Und es dürfte für die Fahnder noch einiges zu tun geben: Die auf illegale Geldflüsse spezialisierte Global Financial Integrity Group schätzt die Summe der von 2002 bis 2011 illegal außer Landes geschafften Gelder auf unfassbare 1,08 Billionen US-Dollar (879 Milliarden Euro).
Dass selbst diese Zahl keinesfalls zu hoch gegriffen ist, zeigen einige Beispiele aus den letzten Monaten, die von den heimischen Medien grell ausgeleuchtet wurden. So fand die Pekinger Generalstaatsanwaltschaft im Hause des Vizedirektors der nationalen Energiebehörde, Wei Pengyuan, mehr als umgerechnet 25 Millionen Euro in bar. Passenderweise leitete Wei die Abteilung für Kohle, und 16 Zählmaschinen reichten nicht aus, um seine gehorteten Bargeld-Vorräte zu erfassen.
Eine Tonne Banknoten wurden bei einem General entdeckt
In der Wohnung des früheren Vizevorsitzenden der Zentralen Militärkommission, Xu Caihou, waren solche Geräte auch zwecklos. Die Behörden fanden so viel Geld, dass sie es vorzogen, dieses zu wiegen und kamen auf insgesamt eine Tonne Banknoten. Der entlassene General ließ sich in seiner zehnjährigen Amtszeit die Beförderungen von zweieinhalb Millionen Soldaten und 80.000 Offizieren offenbar gut entlohnen. Und dann gab es da noch den Direktor der lokalen Wasserversorgung für den Promi-Badeort Beidaihe. Nach der gängigen Definition war Ma Chaoqun zwar nur eine "Fliege". Doch wer entscheidet, welche Hotelanlagen oder Unternehmen das begehrte Nass bekommen und welche nicht, kann durchaus gewisse Zusatzeinkommen lukrieren: Neben insgesamt 68 Immobilien in Peking und Qinghuangdao sammelte Ma 37 Kilogramm Gold und Bargeld im Wert von 15 Millionen Euro, das in 40 Holztruhen vor sich hin moderte.

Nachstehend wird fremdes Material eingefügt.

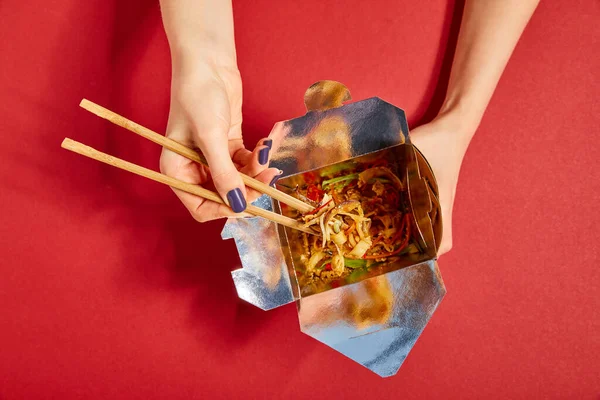 Top view of woman holding wooden chopsticks near tasty noodles on red — Stock Photo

Die "Operation Fuchsjagd" soll nun also ein weiteres Warnsignal sein für jene Kader, denen die Tresore in ihrem Heimatland China bereits zu voll geworden sind. Präsident Xi hat ihre Verfolgung zur Chefsache erklärt und warb auf dem Gipfel der Asiatisch-Pazifischen Wirtschaftsgemeinschaft Apec in Peking für grenzüberschreitende Kooperationen.

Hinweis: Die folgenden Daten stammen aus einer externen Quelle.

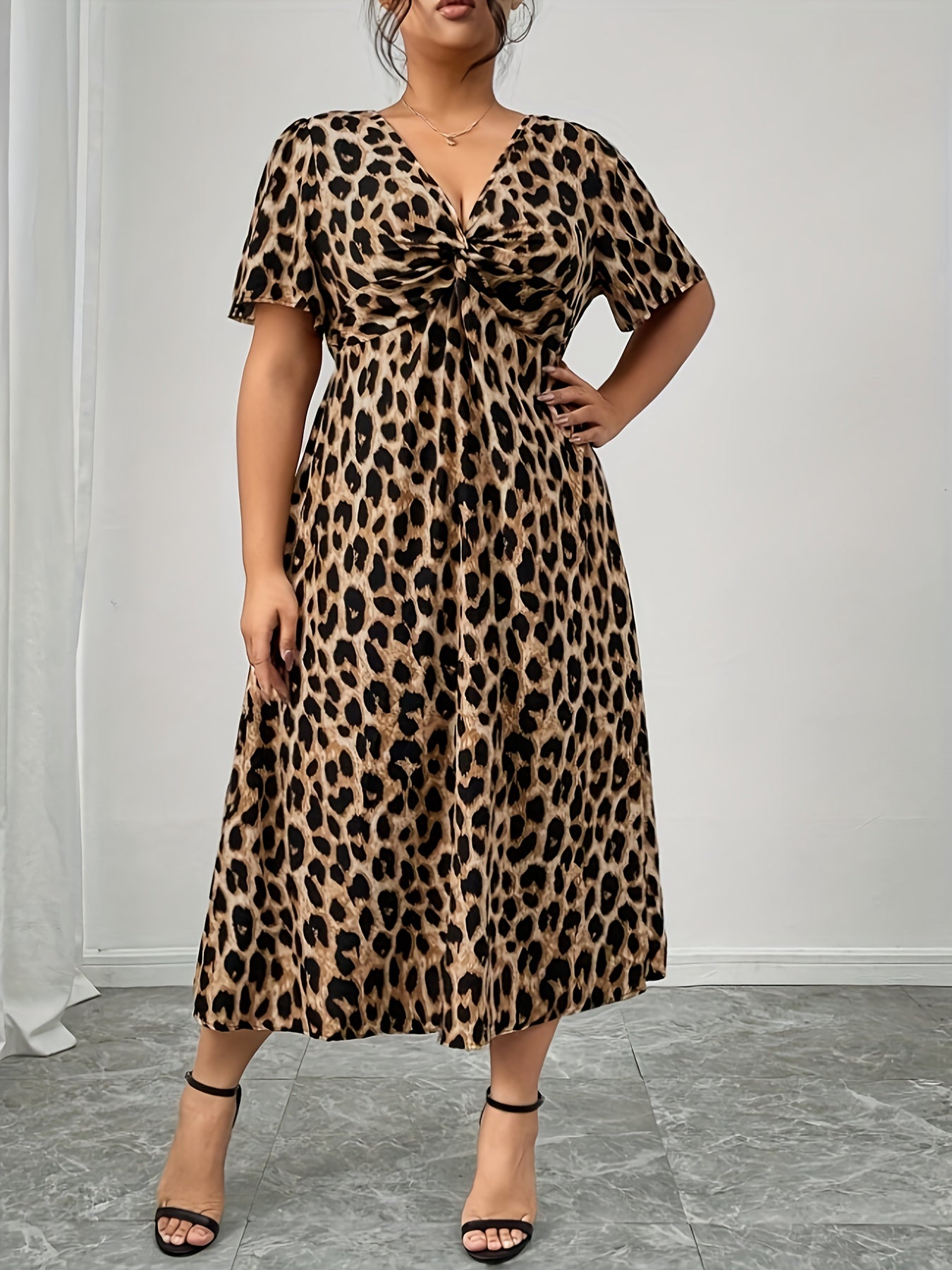 Torsade Vintage Leopard Twist-Waist Dress — Wild Heritage, Sculpted at the Centre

Fuchsbauten in den USA, Australien und Kanada
Peking hat in den vergangenen 30 Jahren 39 Auslieferungsverträge unterschrieben, die ermöglichen sollen, dass flüchtige Wirtschaftskriminelle im Ausland verhaftet und ihre Vermögen zurück nach China gebracht werden können. Doch ausgerechnet mit jenen Ländern, die als "Lieblings-Fuchslöcher" der Flüchtigen gelten, gibt es keine entsprechenden Vereinbarungen: Kanada, Australien und den USA. "Diese Länder haben Vorurteile gegenüber Chinas Rechtssystem und ihre Richter wissen nichts über unsere Justiz", rümpfte Fuchsjäger Xu Rong daher verstimmt die Nase.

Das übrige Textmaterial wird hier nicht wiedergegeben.